The Department of Veterans Affairs continues to make progress in fits and starts but still puts veterans at a tremendous disadvantage because of a lack of technological innovation and modernization of its claims process, according to lawmakers and a new study out this week.


Despite making progress in 2013 to shave the number of backlogged benefits claims, the VA seems to have stalled at around 400,000, according to “The Red Tape Report” by the advocacy group Iraq and Afghanistan Veterans of America.

“In the State of the Union address, President (Barack) Obama re-affirmed the VA disability claims backlog as a national priority,” said Jacqueline Maffucci, IAVA’s research director and author of the report told NBC News. “… It is not just about bringing the backlog to zero, but keeping it there.”

Much of the problem lies in its troubled transition from a paper-and-pencil process to digital.


The IAVA report makes several recommendations, most notably on what it calls the “VA’s outdated disability system.” The report says, “Informed by research and first-hand accounts, the report details the VA’s outdated paper-based disability system that emphasizes the quantity of claims processed over the quality of the processed claim.”

According to the Center for Investigative Reporting, the VA spent $537 million over a four-year period to create and install its Veterans Benefits Management System (VBMS) to digitize its claims process.
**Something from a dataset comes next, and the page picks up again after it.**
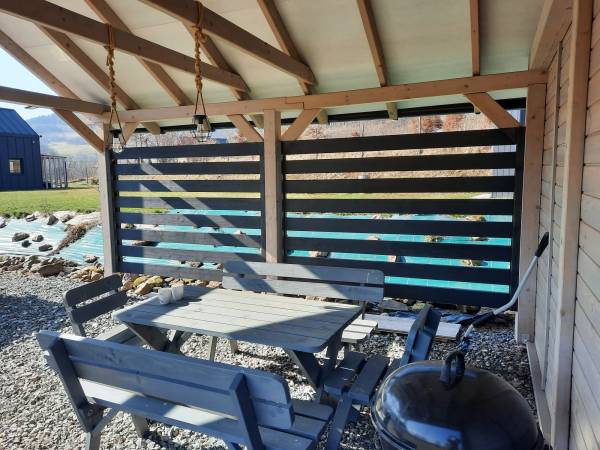 wiata grillowa z pełnym wyposażeniem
After those four years just three percent of claims had been digitized, CIR found.

“Folks inside VA call VBMS ‘VBMess,’” Paul Rieckhoff, an Army veteran who is now executive director of the Iraq and Afghanistan Veterans of America, said to Politico. “The technology is not consistent, and the interoperability between agencies is nonexistent.”

Congress is looking to new legislation and to technology industry leaders for new ideas how to continue to close the backlog of claims and to bring the VA into the 21st Century. Uncertainty remains if VBMS is the solution to adequately address the backlog issues for the VA.
The VA says that more then 78 percent of the current claims inventory can now be processed electronically through VBMS, up 32 percent from 2013.
Said Craig Newmark, founder of Craigslist and a veterans’ issues advocate, to Politico: “The [Veterans Benefits Administration] is doing a great deal right now under very trying circumstances. They are pushing uphill, and they’re trying to accomplish in a few years what typically takes much longer.”
Still, many veterans wait.
As of Feb. 3, the backlog of claims stood at 397,000, and another 200,000 claims were being appealed by veterans. And the VA continues to have just as many or more claims being filed each month than it is processing.